What the task asks:
Nothing should be left out. Give all the data again exactly as written.

Crawled caption data:

┌──

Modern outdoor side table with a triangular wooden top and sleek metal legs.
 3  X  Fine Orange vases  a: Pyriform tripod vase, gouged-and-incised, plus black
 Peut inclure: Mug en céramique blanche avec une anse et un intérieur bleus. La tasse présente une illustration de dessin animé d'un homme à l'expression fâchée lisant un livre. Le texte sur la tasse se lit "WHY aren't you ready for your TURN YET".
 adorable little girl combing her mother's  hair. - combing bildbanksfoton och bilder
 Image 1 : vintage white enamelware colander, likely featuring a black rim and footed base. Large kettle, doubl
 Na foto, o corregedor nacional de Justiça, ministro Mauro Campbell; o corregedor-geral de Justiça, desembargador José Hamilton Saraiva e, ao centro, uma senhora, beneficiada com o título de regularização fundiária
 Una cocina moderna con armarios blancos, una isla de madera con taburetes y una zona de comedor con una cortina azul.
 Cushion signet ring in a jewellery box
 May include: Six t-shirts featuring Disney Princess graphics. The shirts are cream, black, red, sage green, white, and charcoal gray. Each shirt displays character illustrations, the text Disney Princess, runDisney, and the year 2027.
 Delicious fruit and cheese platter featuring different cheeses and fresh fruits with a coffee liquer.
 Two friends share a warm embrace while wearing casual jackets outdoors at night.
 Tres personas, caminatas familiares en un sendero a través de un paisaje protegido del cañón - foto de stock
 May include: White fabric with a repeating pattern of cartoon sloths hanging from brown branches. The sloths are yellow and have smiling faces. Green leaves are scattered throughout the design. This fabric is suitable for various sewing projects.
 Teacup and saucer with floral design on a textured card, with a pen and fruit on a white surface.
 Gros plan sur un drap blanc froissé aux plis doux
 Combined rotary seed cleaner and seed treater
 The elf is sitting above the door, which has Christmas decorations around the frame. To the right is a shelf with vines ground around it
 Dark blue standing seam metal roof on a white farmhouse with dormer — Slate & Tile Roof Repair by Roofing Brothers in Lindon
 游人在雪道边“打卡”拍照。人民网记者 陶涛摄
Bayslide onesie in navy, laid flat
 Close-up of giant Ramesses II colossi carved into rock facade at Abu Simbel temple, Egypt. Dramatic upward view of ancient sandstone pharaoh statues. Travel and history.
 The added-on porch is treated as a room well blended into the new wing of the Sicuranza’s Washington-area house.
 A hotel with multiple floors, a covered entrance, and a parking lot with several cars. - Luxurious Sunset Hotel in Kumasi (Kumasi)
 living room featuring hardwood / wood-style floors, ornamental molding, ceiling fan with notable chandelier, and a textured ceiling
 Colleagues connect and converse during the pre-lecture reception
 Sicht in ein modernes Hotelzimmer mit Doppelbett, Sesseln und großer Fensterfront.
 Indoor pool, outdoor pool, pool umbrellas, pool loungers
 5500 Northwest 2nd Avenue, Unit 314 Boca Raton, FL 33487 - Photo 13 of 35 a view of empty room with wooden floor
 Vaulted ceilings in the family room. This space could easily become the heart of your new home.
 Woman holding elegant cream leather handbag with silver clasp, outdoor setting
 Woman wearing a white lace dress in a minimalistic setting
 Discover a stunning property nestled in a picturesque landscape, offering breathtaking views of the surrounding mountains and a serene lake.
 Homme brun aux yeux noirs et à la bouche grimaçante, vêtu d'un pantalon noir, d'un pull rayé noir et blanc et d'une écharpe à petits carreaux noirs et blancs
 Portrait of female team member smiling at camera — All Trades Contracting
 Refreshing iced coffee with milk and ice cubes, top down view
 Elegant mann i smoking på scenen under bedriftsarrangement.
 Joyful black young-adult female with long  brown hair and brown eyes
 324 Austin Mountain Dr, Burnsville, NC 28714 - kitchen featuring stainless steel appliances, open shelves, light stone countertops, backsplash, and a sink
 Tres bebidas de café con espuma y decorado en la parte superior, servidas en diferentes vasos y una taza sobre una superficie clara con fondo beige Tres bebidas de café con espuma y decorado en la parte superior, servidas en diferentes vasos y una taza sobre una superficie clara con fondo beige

└──

Your solution:
Modern outdoor side table with a triangular wooden top and sleek metal legs.
 3  X  Fine Orange vases  a: Pyriform tripod vase, gouged-and-incised, plus black
 Peut inclure: Mug en céramique blanche avec une anse et un intérieur bleus. La tasse présente une illustration de dessin animé d'un homme à l'expression fâchée lisant un livre. Le texte sur la tasse se lit "WHY aren't you ready for your TURN YET".
 adorable little girl combing her mother's  hair. - combing bildbanksfoton och bilder
 Image 1 : vintage white enamelware colander, likely featuring a black rim and footed base. Large kettle, doubl
 Na foto, o corregedor nacional de Justiça, ministro Mauro Campbell; o corregedor-geral de Justiça, desembargador José Hamilton Saraiva e, ao centro, uma senhora, beneficiada com o título de regularização fundiária
 Una cocina moderna con armarios blancos, una isla de madera con taburetes y una zona de comedor con una cortina azul.
 Cushion signet ring in a jewellery box
 May include: Six t-shirts featuring Disney Princess graphics. The shirts are cream, black, red, sage green, white, and charcoal gray. Each shirt displays character illustrations, the text Disney Princess, runDisney, and the year 2027.
 Delicious fruit and cheese platter featuring different cheeses and fresh fruits with a coffee liquer.
 Two friends share a warm embrace while wearing casual jackets outdoors at night.
 Tres personas, caminatas familiares en un sendero a través de un paisaje protegido del cañón - foto de stock
 May include: White fabric with a repeating pattern of cartoon sloths hanging from brown branches. The sloths are yellow and have smiling faces. Green leaves are scattered throughout the design. This fabric is suitable for various sewing projects.
 Teacup and saucer with floral design on a textured card, with a pen and fruit on a white surface.
 Gros plan sur un drap blanc froissé aux plis doux
 Combined rotary seed cleaner and seed treater
 The elf is sitting above the door, which has Christmas decorations around the frame. To the right is a shelf with vines ground around it
 Dark blue standing seam metal roof on a white farmhouse with dormer — Slate & Tile Roof Repair by Roofing Brothers in Lindon
 游人在雪道边“打卡”拍照。人民网记者 陶涛摄
Bayslide onesie in navy, laid flat
 Close-up of giant Ramesses II colossi carved into rock facade at Abu Simbel temple, Egypt. Dramatic upward view of ancient sandstone pharaoh statues. Travel and history.
 The added-on porch is treated as a room well blended into the new wing of the Sicuranza’s Washington-area house.
 A hotel with multiple floors, a covered entrance, and a parking lot with several cars. - Luxurious Sunset Hotel in Kumasi (Kumasi)
 living room featuring hardwood / wood-style floors, ornamental molding, ceiling fan with notable chandelier, and a textured ceiling
 Colleagues connect and converse during the pre-lecture reception
 Sicht in ein modernes Hotelzimmer mit Doppelbett, Sesseln und großer Fensterfront.
 Indoor pool, outdoor pool, pool umbrellas, pool loungers
 5500 Northwest 2nd Avenue, Unit 314 Boca Raton, FL 33487 - Photo 13 of 35 a view of empty room with wooden floor
 Vaulted ceilings in the family room. This space could easily become the heart of your new home.
 Woman holding elegant cream leather handbag with silver clasp, outdoor setting
 Woman wearing a white lace dress in a minimalistic setting
 Discover a stunning property nestled in a picturesque landscape, offering breathtaking views of the surrounding mountains and a serene lake.
 Homme brun aux yeux noirs et à la bouche grimaçante, vêtu d'un pantalon noir, d'un pull rayé noir et blanc et d'une écharpe à petits carreaux noirs et blancs
 Portrait of female team member smiling at camera — All Trades Contracting
 Refreshing iced coffee with milk and ice cubes, top down view
 Elegant mann i smoking på scenen under bedriftsarrangement.
 Joyful black young-adult female with long  brown hair and brown eyes
 324 Austin Mountain Dr, Burnsville, NC 28714 - kitchen featuring stainless steel appliances, open shelves, light stone countertops, backsplash, and a sink
 Tres bebidas de café con espuma y decorado en la parte superior, servidas en diferentes vasos y una taza sobre una superficie clara con fondo beige Tres bebidas de café con espuma y decorado en la parte superior, servidas en diferentes vasos y una taza sobre una superficie clara con fondo beige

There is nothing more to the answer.